Mike looked at Andy. ‘You’re kidding me, right?’

They heard three rounds being fired in quick succession.

Fuck it.

Andy reached out, grabbed the lamp and hurled it across the room against the wall. It smashed and the room was thrown into darkness. As the three men recoiled in surprise, Andy was already on his feet. He shoved hard against Mike, knocking him on to his back, and cannoned into another of the men on his way out of the room, into the hallway, and out through the open front door, on to the moonlit street.

His feet pounded the tarmac as he weaved around a mattress, the broken remains of chairs and a table, and other household bric-à-brac strewn across the avenue.

He shot a glance at their home on the left as he sprinted past it. It had been broken into like all the other houses, the front door wide open and their things smashed and discarded in the front garden.

Up ahead on his right, was Jill’s house.

He kicked the gate aside, and raced up the garden path in a couple of seconds. The front door was shut. He could see that it had been damaged, a large ragged hole had been kicked through the wooden panelling. He charged the door with his shoulder without breaking stride. The last hinge gave way, and the door clattered loudly on to the hallway floor.

‘JENNY!’ he shouted, his voice echoed around inside. There was no response, just a silence that had his blood running cold and the dawning realisation that he had so nearly made it home in time to save his family.

He’d heard the executioner’s shots; one for his wife, one for each of his children, and it was all over.

Then he heard it, faintly, the sound of sobbing coming from the top of the stairs. He could see absolutely nothing, but it grew louder and more distinct as it migrated down the stairs, and then, it was beside him. In the wan glow of the moon, he saw two pale white hands reach out for him.

‘Oh God, Andy!’ Jenny cried, grasping him tightly and burying her head into his shoulder. ‘Andy! Andy!’ she sobbed uncontrollably.

‘Jenny,’ he had to ask, ‘Jenny . . . the kids?’

She looked up at him, ‘They’re both all right.’

‘I heard gunshots.’

She was about to answer, when a beam of torchlight fell across them, and they heard the sound of footsteps pounding down the avenue towards them.

‘Oh God!’ she gasped, breaking her hold on Andy and producing a gun.

‘Give it to me,’ he said. She handed it to him and he trained it on a space above the nearest bobbing torch.

‘Who are they?’ she whispered, as the torch’s motion slowed to a halt and the sound of footfalls ceased.

‘I don’t know yet.’

‘Andy!’ Mike called out from the darkness just beyond the garden gate. ‘Don’t be stupid, there’s three of us, and one of you. Lower the gun.’
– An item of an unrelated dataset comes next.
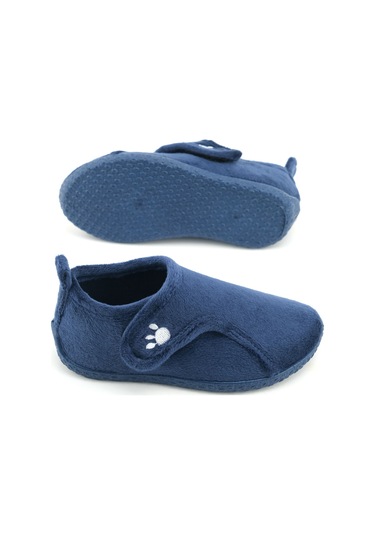 Gezer Kışlık Erkek Çocuk Rahat Taban Cırt Cırtlı Ayarlanabilir Ev Okul Kreş Panduf Ayakkabı Lacivert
Andy wasn’t ready to surrender. In the last minute, he had gone from absolute certainty that his family had been murdered, to finding out they were unharmed and now, quite possibly, were about to fall victim to these men.

‘Who the fuck are you, Mike?’ his voice rasped.

‘We’re the good guys Andy, the good guys, trust me,’ the American replied, sounding short of breath, recovering from the pursuit.

‘He said there were men outside after our daughter,’ said Jenny.

‘He?’ replied Mike. ‘Who?’

Andy looked at her.

‘He was here moments ago, on the stairs. He said he’d come to protect Leona. I told him to stay where he was . . .’ Her voice faltered. ‘. . . But he didn’t listen . . . I fired . . . and then he ran away.’

‘Andy,’ said Mike. ‘
They
are here, they know where she is. You’ve got to trust me now.’

Andy kept the gun levelled.

‘Look, if we wanted your daughter dead, I wouldn’t be talking with you right now - we’d already be stepping over your bodies and on our way inside. Think about it.’

From the top of the stairs, Andy heard Jacob calling out.